Clothes comes bulleting out.

Mal ducks.

"Try those!" Evie shouts, voice muffled like she's very far away. She might be; there's about three separate Expansion Spells on the closet, because there is not a single rule of physics that Evie hasn't cheerfully broken. There may be a portal to Hell somewhere in there. Mal doesn't know, and she doesn't really want to.

Evie's dresses come in black, black, and black. One shines fuchsia in the light, though, and Mal thinks: good enough. The skirt is flared short, the sleeves are long, the neckline is high, and the back doesn't even exist. Good enough, indeed.

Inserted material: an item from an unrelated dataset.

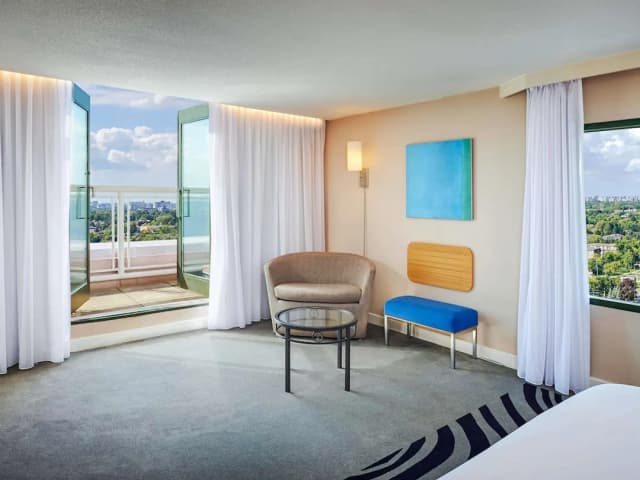 多倫多北約克諾富特飯店-客房, 陽台-1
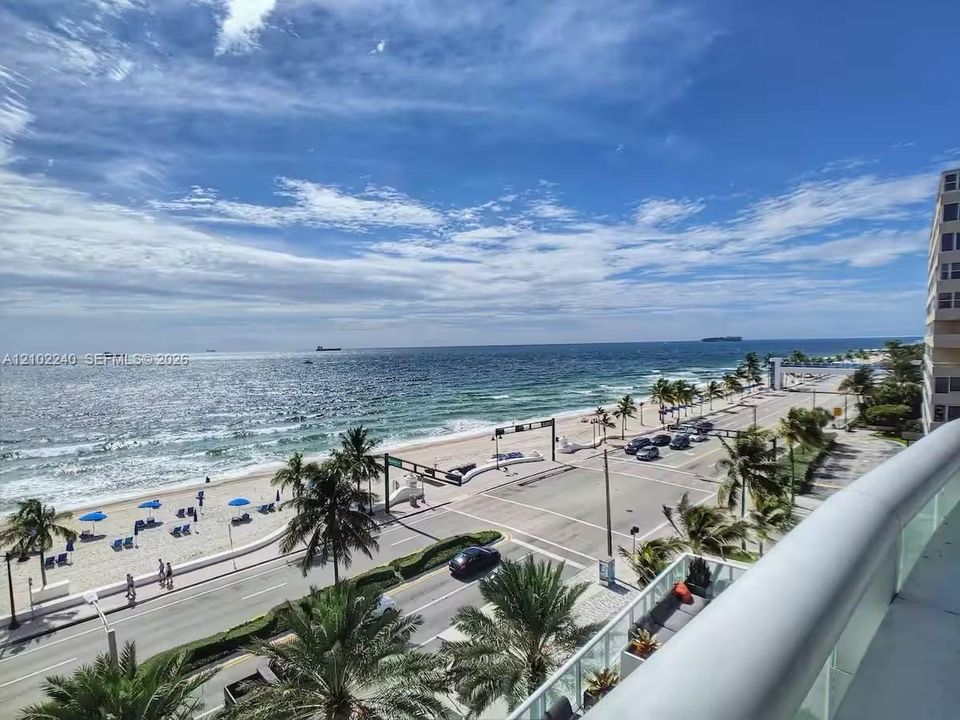 Activo con contrato: $750,000 (2 camas, 2 baños, 1176 Pies cuadrados)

She's in the middle of yanking it over her head when Evie comes back.

"If you ruin that, I end you," Evie says casually.

"You say that every time," Mal tells her, which is true. "And every time, I ruin them. Why do you keep trying?"

"Because I have hope that one day you'll be less—this," Evie says, waves her hands in indication of Mal's everything. "Mal, please, it's Zuhair Murad, have some respect."

"Expensive high fashion is your thing, E, and you're good at it. Me? I'm good at killing people. That's what I do best. I don't have time to expensive high fashion, okay? Okay."

"Hopeless," Evie mutters darkly. "Hopeless."

Mal struggles with the dress for another few minutes before Evie finally takes pity on her. "Stop," she says, "Mal. Just. Stop."

So Mal stops, and allows Evie to take over pouring her into the dress. It's a little loose in the chest and a little tight at the waist, but of course it is—for all that they're sisters, best friends, closer than is probably healthy and maybe a little codependent, they're not shaped the same. Evie's got a tiny waist and huge boobs, and it's so unfair, but Mal deals.

"There," Evie says. "You look… acceptable."

"That was almost a compliment?"

"Only almost," Evie grins, and nudges Mal with her elbow. "Anyway, don't you have somewhere to be? Your lady-love is waiting, isn't she?"

"Why are you so weird?" Mal asks, because she can't help it.

"I'm not the one who does that thing with her face every time she's around someone she likes," Evie says, and again indicates Mal's everything. It'd be insulting, except most of the time it's true. Mal does do weird things with her face when she's around people she likes, it's super unattractive.

"I hate it when you do that," Mal tells her.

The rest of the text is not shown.